=== What to produce ===
Please output exactly the part of the records below that opens with the line containing "commercial fishing dip" and closes with the line containing "Les camions", both lines included, and nothing else.

━━━━━ Exercise material ━━━━━

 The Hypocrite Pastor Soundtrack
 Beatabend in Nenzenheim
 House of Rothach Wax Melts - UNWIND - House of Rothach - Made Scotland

━━━━━
━━━━━ Exercise material ━━━━━

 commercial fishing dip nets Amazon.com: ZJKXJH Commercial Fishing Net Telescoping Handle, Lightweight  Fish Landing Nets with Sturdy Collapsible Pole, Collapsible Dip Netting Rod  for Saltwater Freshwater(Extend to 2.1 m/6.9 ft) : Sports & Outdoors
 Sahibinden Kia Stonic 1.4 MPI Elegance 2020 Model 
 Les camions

━━━━━

=== Response area ===
 commercial fishing dip nets Amazon.com: ZJKXJH Commercial Fishing Net Telescoping Handle, Lightweight  Fish Landing Nets with Sturdy Collapsible Pole, Collapsible Dip Netting Rod  for Saltwater Freshwater(Extend to 2.1 m/6.9 ft) : Sports & Outdoors
 Sahibinden Kia Stonic 1.4 MPI Elegance 2020 Model 
 Les camions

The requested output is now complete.